Tim and I are both rather feverishly reading Stanislas Dehaene's new book Reading in the Brain: The Science and Evolution of a Human Invention (actually, Tim, I hope you're not febrile any longer; get better!). Dehaene's book on the neuroscience of reading seems to come along at a consilient moment, when not only neuroscientists, but nearly all of us (all of us reading this blog, anyway) are trying to understand how reading works and how to make it better. Something about Dehaene's picture of the reading brain is central to a theory of consciousness—and forges a connection to The Savage Mind that I find electrifying to contemplate.

Dehaene argues that the advent of writing and reading) is the result of the mind repurposing ancient circuits in the brain to the new work of recognizing graphic symbols and fluently translating them into language. I call it "new" because reading's advent in the human career is quite recent, having emerged a mere five thousand years ago. But reading (and a number of other cultural inventions or magisteria or memes) arise so swiftly precisely because there are robust circuits in the brain of ancient origin, which the human brain—through a property unique in the animal kingdom–is able to recycle with agency and purpose.

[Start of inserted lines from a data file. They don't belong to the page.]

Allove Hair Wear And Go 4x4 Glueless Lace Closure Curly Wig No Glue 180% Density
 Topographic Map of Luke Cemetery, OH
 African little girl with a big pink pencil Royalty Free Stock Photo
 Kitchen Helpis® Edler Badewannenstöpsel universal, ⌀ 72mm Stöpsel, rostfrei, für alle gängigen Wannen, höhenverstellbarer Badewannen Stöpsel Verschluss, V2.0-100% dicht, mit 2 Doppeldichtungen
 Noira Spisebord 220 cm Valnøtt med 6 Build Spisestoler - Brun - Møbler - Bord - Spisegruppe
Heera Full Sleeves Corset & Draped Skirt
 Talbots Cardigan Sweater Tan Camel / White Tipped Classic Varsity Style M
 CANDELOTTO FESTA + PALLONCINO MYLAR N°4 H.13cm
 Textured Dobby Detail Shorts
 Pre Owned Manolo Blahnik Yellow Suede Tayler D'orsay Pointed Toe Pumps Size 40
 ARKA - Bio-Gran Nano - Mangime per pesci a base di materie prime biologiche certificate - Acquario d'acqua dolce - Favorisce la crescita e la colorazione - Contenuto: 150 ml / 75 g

What we experience as consciousness is bound up in—in fact may be coextensive with—this unique property, Deheane proposes. And he identifies a set of deeply-embedded circuits that seem to give rise to other cultural magisteria: mathematics is founded upon a number of "mathematical objects ... anchored in the brain"; the arts build on circuits that perceive and analyze coherence and wholeness in coordination with more rudimentary circuits sensitive to tone intervals, human emotional states, color, motion; religion springs up to put circuits for causal inference, social intelligence, and even moral sense to more ramified use. And natural science, he argues, springs from and elaborates a deep-seated, neuronally-based drive to classify animals and plants. Starting to sound familiar?

But in this short précis I've massively simplified what Dehaene is on about, and have left the impression of a machine-like mind built of used parts—bricolage of a dehumanizing sort. That's not it at all! Because Dehaene also posits a further drive, the one on which in his view both consciousness and culture (linked inextricably here) depend. Something arose in the human brain that roams among these sets of circuits, these structures, and looks for ways to link them together. Headquartered in the frontal lobe, making use of long-axon neuronal connections unique to humans, which knit together far-flung regions of the brain, there is some roving bricoleur who browses the structures looking for places to connect them together. Animals and plants are classified for their uses and their dangers—but they also have relations uncannily like those found by other circuits monitoring social connections. The roving bricoleur (which Dehaene might call consciousness) fancies these comparisons, fawns over them—and produces mythologies out of them. Thus consciousness springs forth from a brain made of meat, shaped by evolution, to wield the endlessly inventive imaginal tools called culture. Thus nature nurtures our nurturing nature.